Former Giuliani speechwriter and CNN contributor John Avlon gave the Review a shout-out today in his Daily Beast column, “My War with Rush Limbaugh,” about the emerging media war over No Labels, an organization with which I have become affiliated. No Labels, a bipartisan organization devoted to draining the most poisonous elements of hyper-partisanship from American politics, launched on Monday at Columbia University. I was happy to be there on Monday: it was inspiring to meet a few of the thousands of Americans who had traveled on their own dime to New York to show their support for a new, more civil, attitude in American politics. 

I became a No Labels supporter several months ago after meeting with a high school friend involved in the movement. Why? Because I believe that strict partisanship has stripped our politics of the kind of free intellectual exchange that keeps democracies healthy and vital. In an editorial several months ago, I wrote, “The time is ripe in American politics for a conservatism that is capable of respecting its opposition, even as it joins the battle against it.” The intellectual free-spiritedness that characterized the early ramshackle operations of such movement conservative bastions as National Review has been hijacked, in a sense, by the demagoguery of Rush Limbaugh and others, who have carried the movement in a poisonously anti-intellectual direction. The same is true on the Left, where hack spokesmen like Keith Olbermann are able to dominate discourse and, consequently, the atmosphere in which public officials must seek to craft policy. This frenzied, bifurcated media environment helps to explain why both of the last two presidents, who came to office with a genuine desire to act in a bipartisan fashion, instead found themselves presiding over an extremely partisan (and politically unproductive) era. 

Avlon’s column discusses the extreme partisan reaction to No Labels, which has been (of course) heavily negative. Rush bashed us on his show, and Olbermann named No Labels to his list of “worst persons in the world.” It’s nice to see that Rush and Olbermann can be brought together to agree on something. That should come as no surprise: they both gain their livelihood from the fear and loathing they whip up on their shows every day, and it is precisely this kind of activity that No Labels stands resolutely against. 

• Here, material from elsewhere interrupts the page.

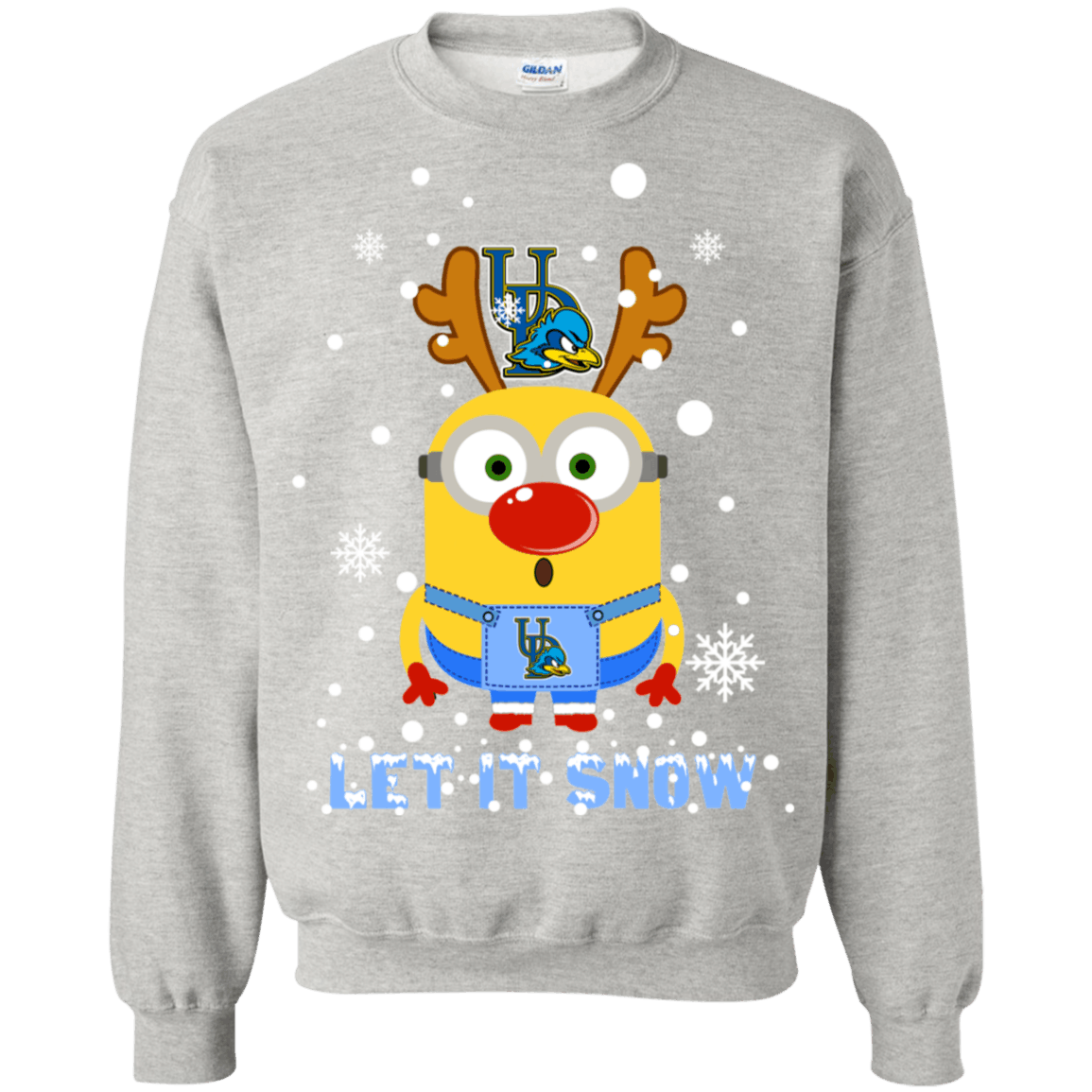 Buy Minion Delaware Fightin_ Blue Hens Ugly Christmas Sweaters Let It Snow Sweatshirt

What does No Labels stand for? There’s no party platform, no slate of candidates (although No Labels plans to provide financial support for moderates in both parties in primary elections across the country in future election cycles), and no governing ideology. That’s the whole point. Instead, No Labels stands for a certain attitude of open-mindedness, open discourse, and forward progress on the nation’s most pressing issues: debt reduction and a balanced budget, entitlement reform, education reform, etc. The folks I met at the No Labels conference (among them, Ted Buerger ’74) were all concerned for the future of America, and all convinced that a pragmatic, problem-solving approach to these big issues was the only way America will remain competitive in an ever-more competitive world. I agree with them.

Avlon notes that our lack of a platform makes us difficult to pin down:

There is no partisan template to understand a movement that attracts both the bassist of Nirvana and the editor of the conservative Dartmouth Review. Liberals try to call us conservative and conservatives try to call us liberal, but the labels don’t fit. And that’s the point.

I’ll always identify myself as a proud conservative. But fixing our ballooning deficit, improving our nation’s schools, and putting America back on track to provide global leadership will require that conservatives band together with liberals, libertarians, and independents. I’m sure that No Labels will continue to grab attention and partisan sliming in the coming months. Bring it on.